Researchers from several universities recently analysed the international trade in chameleons. The focus was on Tanzania in East Africa. Tanzania is currently home to 41 of the 228 known species, making it the country with the second-highest number of chameleon species after Madagascar.

The study was based on the publicly accessible CITES trade database and the annual reports of the countries participating in the Washington Convention on International Trade in Endangered Species of Wild Fauna and Flora. Chameleons exported for scientific or non-commercial purposes were excluded. In addition, the most frequently clicked websites on the Internet in the form of English-language sales platforms, social media and forums were searched for sale and purchase adverts for chameleons using Google and “[species] for sale”. A total of 14 websites of commercial sellers, two online forums, two advertising websites, four social media sites and seven closed groups in social media were analysed.

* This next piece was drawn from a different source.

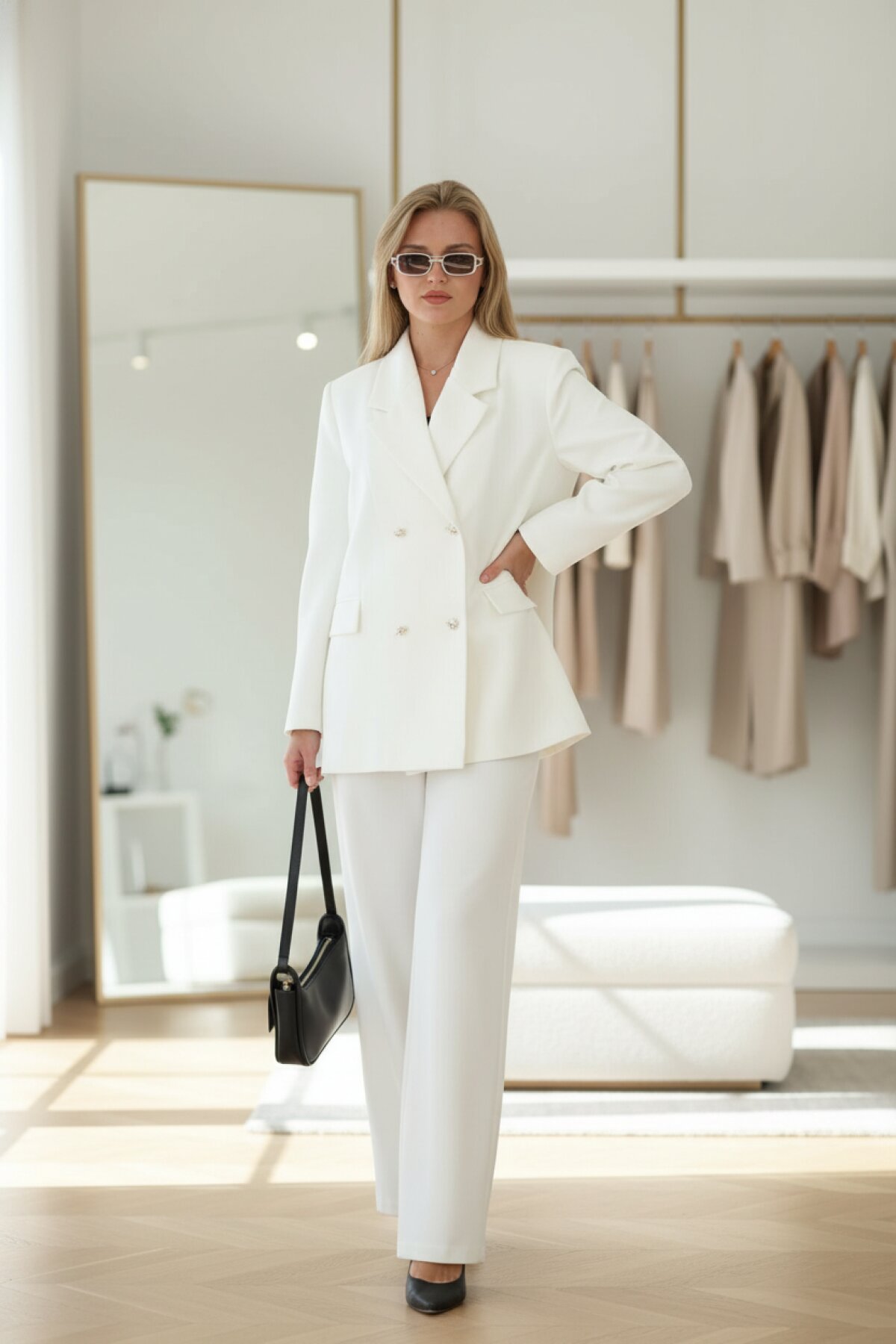 طقم أبيض بتفاصيل أزرار كروازيه - Milamia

As a third pillar of the study, villagers in the Eastern Arc Mountains in Tanzania were interviewed using a questionnaire with eleven questions.

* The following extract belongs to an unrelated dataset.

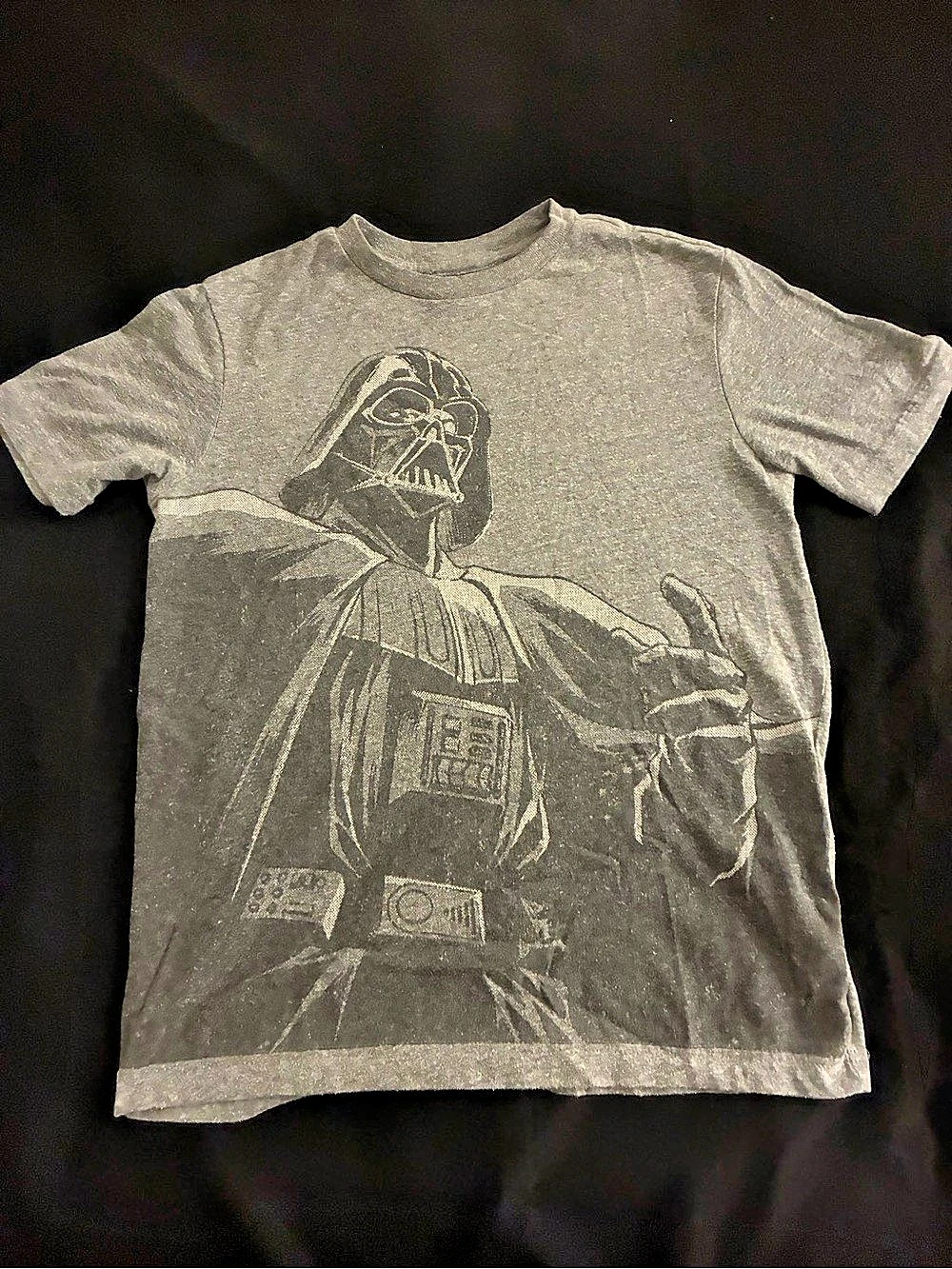 Old Navy Darth Vader Collectabrites T-Shirt Graphic Size Large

The general result of the study is that the international trade in chameleons fell rapidly between 2000 and 2019. At the same time, the number of chameleons bred in captivity increased. The number of “ranched” chameleons, i.e. chameleons bred on a farm in the country of origin for export, fell slightly. The largest export factor was commercial trade, with almost all species being exported directly from their countries of origin and not via other intermediaries in other countries. From 2000 to 2019, a total of 327,522 chameleons were legally traded. Only six countries accounted for 91% of exports: Tanzania, Madagascar, Mozambique, Uganda, Ghana and Cameroon. Tanzania was the country from which the most chameleons were traded, accounting for 34% of all exports. The country to which most chameleon exports went was the USA with 46%. The USA thus received almost half of all chameleons traded under CITES worldwide between 2000 and 2019. Other countries with relatively high numbers of chameleon imports were Japan (13%) and Germany (10%).

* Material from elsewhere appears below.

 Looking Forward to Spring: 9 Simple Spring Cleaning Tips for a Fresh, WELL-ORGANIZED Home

Six chameleon species from Tanzania were particularly sought after. Together they accounted for 85% of the trade in chameleons in the period mentioned. Kinyongia fischeri and Kinyongia tavetana were exported most frequently, followed by Trioceros werneri, Trioceros deremensis and Trioceros fuelleborni. Of the 42 species occurring in Tanzania, 35 were found for sale on online platforms and 29 were regularly on sales lists.

The on-site surveys in Tanzania revealed that only two out of three mountain ranges observed had participated in the trade in chameleons (East Usambara and Uluguru). As Tanzania has suspended its exports indefinitely since 2016, the majority of respondents stated that there is currently no longer any trade in chameleons. Interestingly, the villagers stated that they had collected 13 species for trade, but 7 of these species never appeared on the official exports for Tanzania. The answers to the question of how many chameleons of which species were traded also differed significantly from the official figures in the perception of the local population: While locals reported “thousands” of chameleons with one horn as supposedly collected annually, only very isolated ones of these were actually exported. There may also be a strong divergence here due to a lack of species differentiation.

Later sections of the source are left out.